Moving slowly. Moving relationally. Listening actively. Contributing consciously. Speaking critically. This is how I am navigating this trip. Yet, I am aware something in me is shifting. ‘When someone points your privilege to you - it’s an opportunity,’ writes Kim Tran. ‘Use that moment, ask why they gifted you that info. Have you harmed them? Do they want to repair? Or, has it been brought to your attention because your privilege might be useful in the context of liberation work?’
I use to have a passion for travelling — fuelled by curiosity and reverence for culture, and that won’t change, but something doesn’t feel right in its current form anymore. I wonder if this means travelling less altogether or travelling more consistently to one place to build a relationship with a place and people. I’m not sure but I know naming it and sitting in the discomfort is always the beginning of a new way of being that is closer to a shared liberation.
Much love,
Hima
P.S. How are you rethinking travel during this period of climate change and neocolonial reckoning?
P.P.S If you looking to buy beautiful homeware and artworks — I recommend Hacer Com’un (led by Eduardo Barrita) and works featured by Pocoapoco, where all proceeds go towards supporting residencies for local artists.

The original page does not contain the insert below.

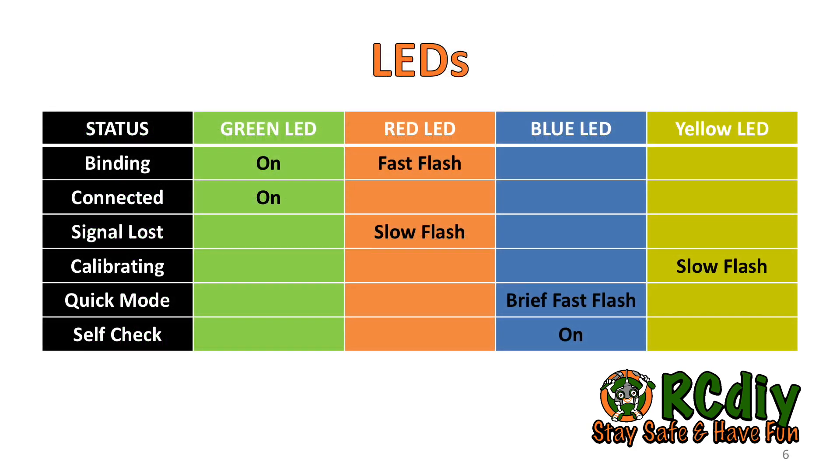There are two additional LEDs on these receivers. The yellow LED comes on during calibration only when the receiver is being written to. When the receiver is powered on, quick and brief flashing of the blue LED indicates the receiver is operating in quick mode. When the receiver self-check is initiated, the blue LED comes on and stays on until the control surfaces stop moving. As soon as the blue LED turns off, move the sticks to their limits.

If you are visiting Oaxaca, be sure to check out Habitat Oaxaca and Necia Oaxaca, which are two beautiful and visionary movement and performance spaces.
Wow. I’ve had this on my to-read list for awhile, and per usual with afternoon dreams, it is so insightful, soft, curious, and honest. I love seeing that type of meeting as an opportunity. Thank you 💜
Thank you for holding the tension of travel, being so honest about your experience in Oaxaca and sharing some broader systemic trends across Mexico we can learn from.